> _Dataset excerpts_:
----

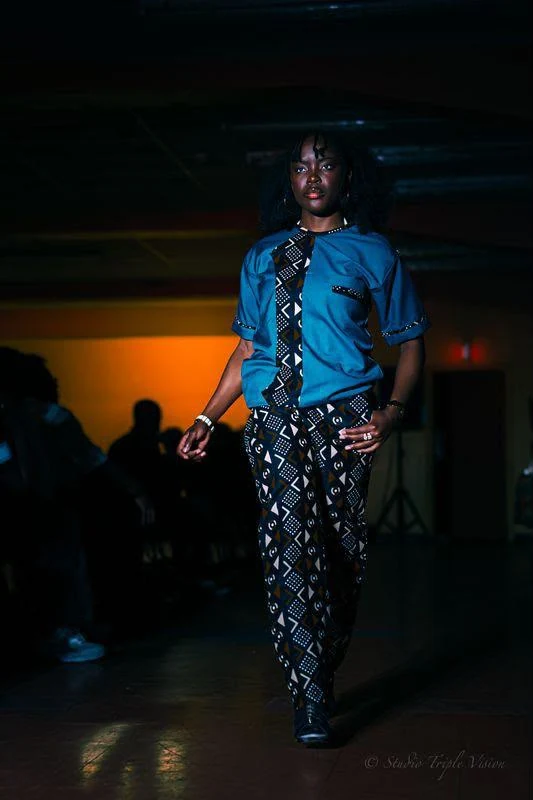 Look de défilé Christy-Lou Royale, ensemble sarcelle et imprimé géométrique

----

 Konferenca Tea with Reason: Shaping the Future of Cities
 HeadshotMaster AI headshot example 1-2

----

> _Exercise prompt_: Could you return exactly the stretch of the data above that starts at the line with "Konferenca Tea with" and ends at the line with "HeadshotMaster AI headshot example 1-2", both lines included?

> _Task solution_:
 Konferenca Tea with Reason: Shaping the Future of Cities
 HeadshotMaster AI headshot example 1-2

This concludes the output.